[[ DATA SUPPLIED open ]]
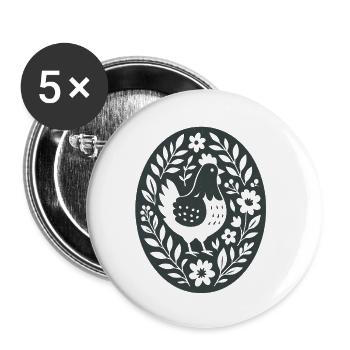 Chicken | Farm Flowers Folk Art - Buttons small 1''/25 mm (5-pack) - white - Front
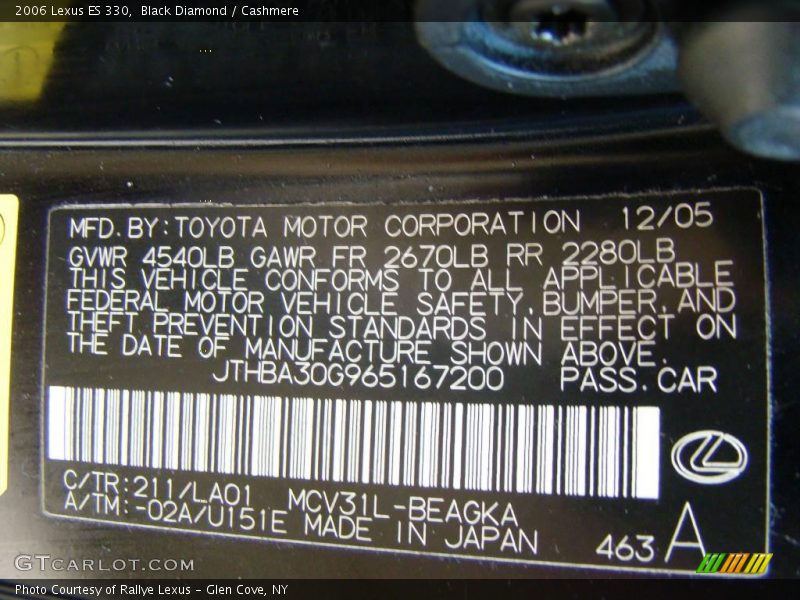 Black Diamond / Cashmere 2006 Lexus ES 330
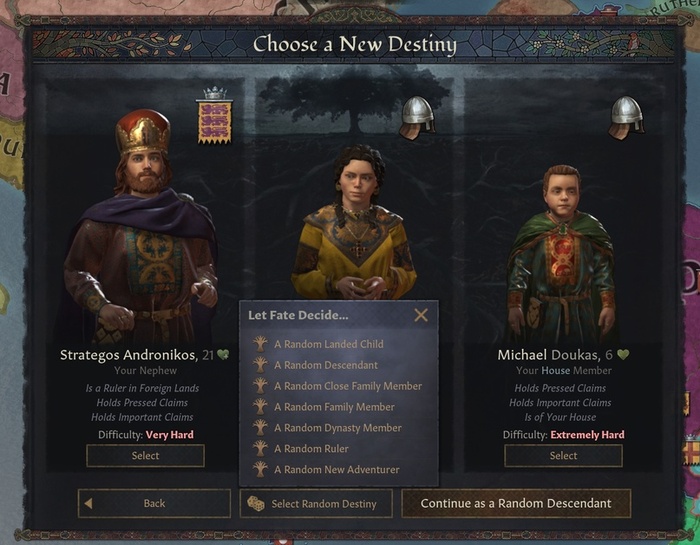 Варианты случайного наследника в окне выбора новой судьбы.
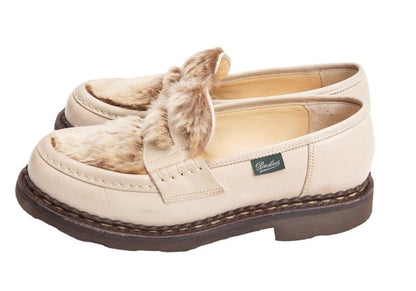 Paraboot ORSAY LAPIN Rabbit Fur Loafer Shoes Beige Boots Size 22CM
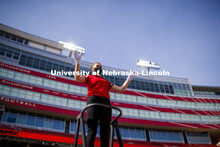 Cornhusker Marching Band, Cheer Squad and Homecoming Royalty met in the empty Memorial Stadium to re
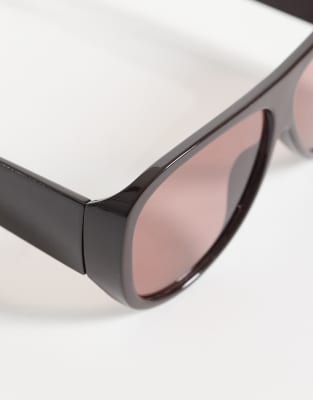 Asos Design Oversized Aviator Sunglasses In Black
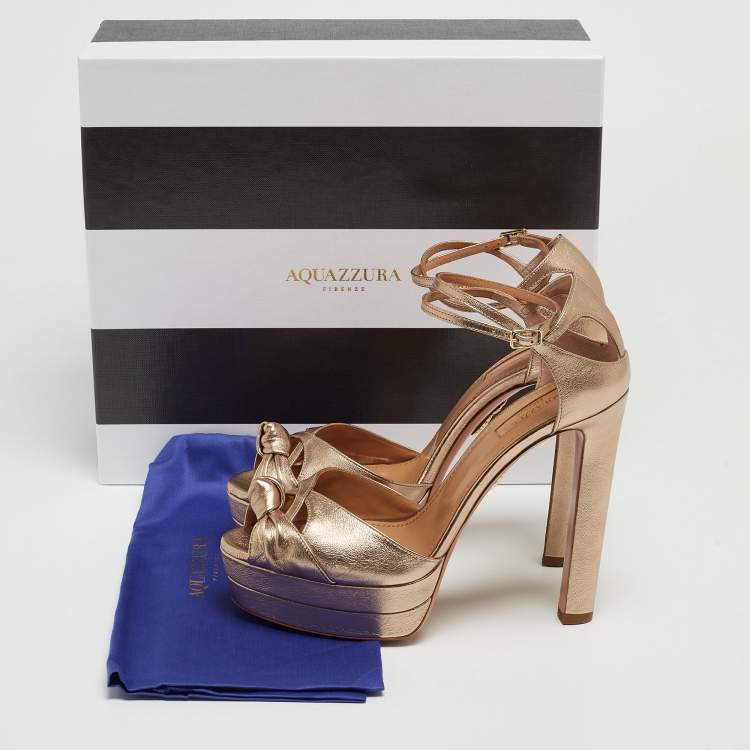Pre Owned Aquazzura Metallic Brown Leather Bow Platform Ankle Wrap Sandals Size 38.5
[[ DATA SUPPLIED closed ]]
Nothing but the lines from the beginning of the material through the line with "Asos Design Oversized" should appear, printed exactly, with no pictures among them.

 Chicken | Farm Flowers Folk Art - Buttons small 1''/25 mm (5-pack) - white - Front
 Black Diamond / Cashmere 2006 Lexus ES 330
 Варианты случайного наследника в окне выбора новой судьбы.
 Paraboot ORSAY LAPIN Rabbit Fur Loafer Shoes Beige Boots Size 22CM
 Cornhusker Marching Band, Cheer Squad and Homecoming Royalty met in the empty Memorial Stadium to re
 Asos Design Oversized Aviator Sunglasses In Black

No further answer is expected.